The letter, written by registrar Don Rowe, warned that "ephedrine may be sold on a non-prescription basis (in restricted dosage and package size) for nasal decongestion, but only from a pharmacy licensed by the Newfoundland and Labrador Pharmacy Board."

The letter warned that the improper use of ephedrine was dangerous, with "serious, potentially fatal adverse effects."

It asked that King "immediately cease the sale of any products containing ephedrine."

King never mentioned that correspondence, or any other letter, during his interview with CBC News.

"If you can find me anything on a piece of paper that says I was doing something wrong, please show it to me," King said.

Private warning, public press release

Just days after the pharmacy board sent that private warning to King in 2006, it issued a public one.

A news release announced that the board "has sent notice to a local sport nutrition store" warning that the sale of ephedrine was restricted under the provincial Pharmacy Act and the Precursor Control Regulations of the federal Controlled Drugs and Substances Act.

King evidently ignored those warnings and kept selling for another six years until the Mounties raided his businesses and his home last fall.

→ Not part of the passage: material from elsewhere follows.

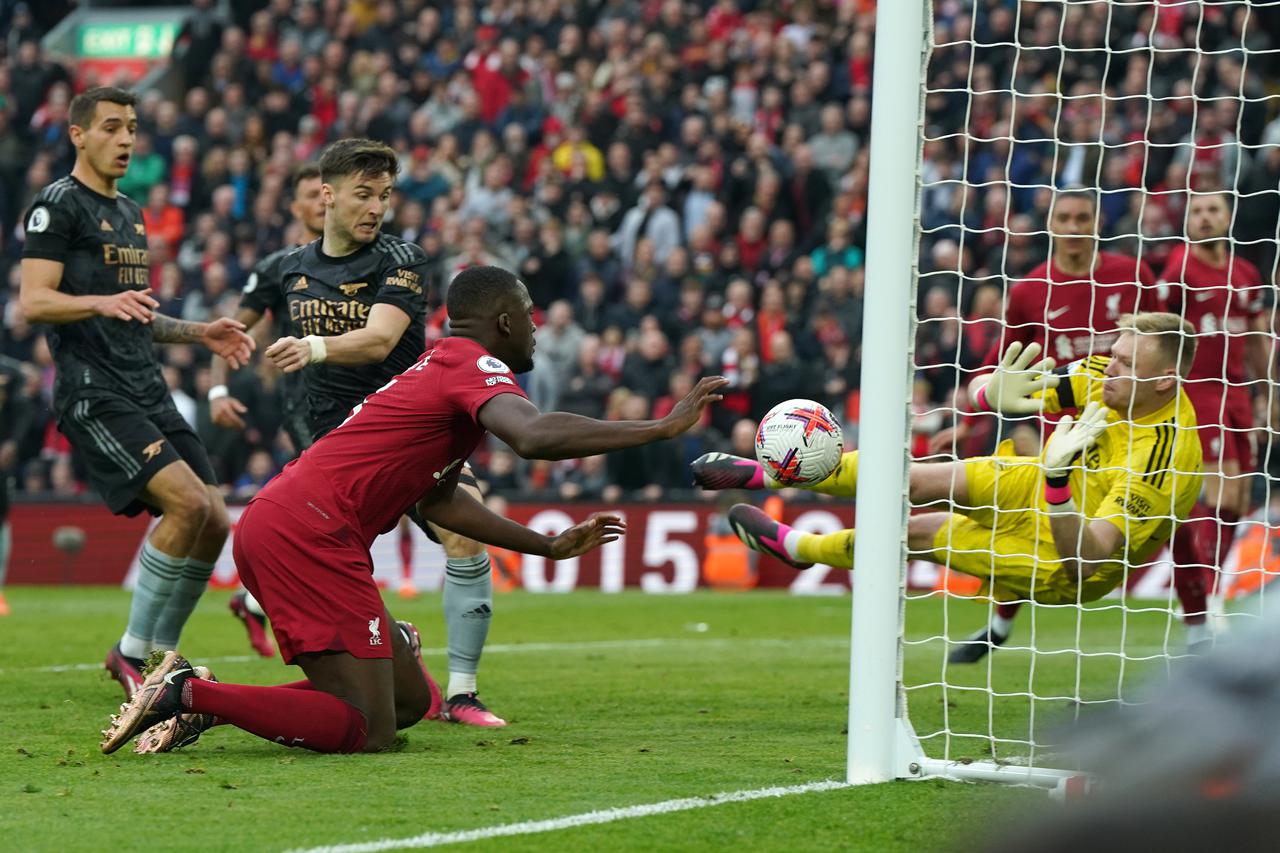 Liverpool v Arsenal - Premier League - Anfield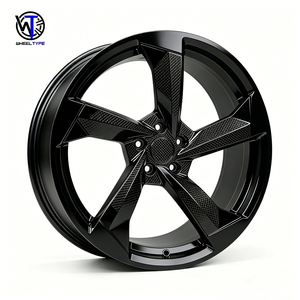 Jantes en fibre de carbone forgée 5x100 5x108 5x112 5x114.3 OEM ODM personnalisées 18 19 20 21 22 pouces en alliage pour Toyota Nissan Audi <span class=keywords><strong>BMW</strong></span> - Product Image 1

As CBC News reported on March 5, King is the target of an RCMP investigation for selling ephedrine without a licence and shipping it across the border to the United States.

He's also being investigated for money laundering and proceeds of crime.

The police have applied to the courts to keep records and other materials seized during raids on King’s home and business locations last fall.

There have been no charges laid against King or his company. He did not respond to interview requests sent through his lawyer.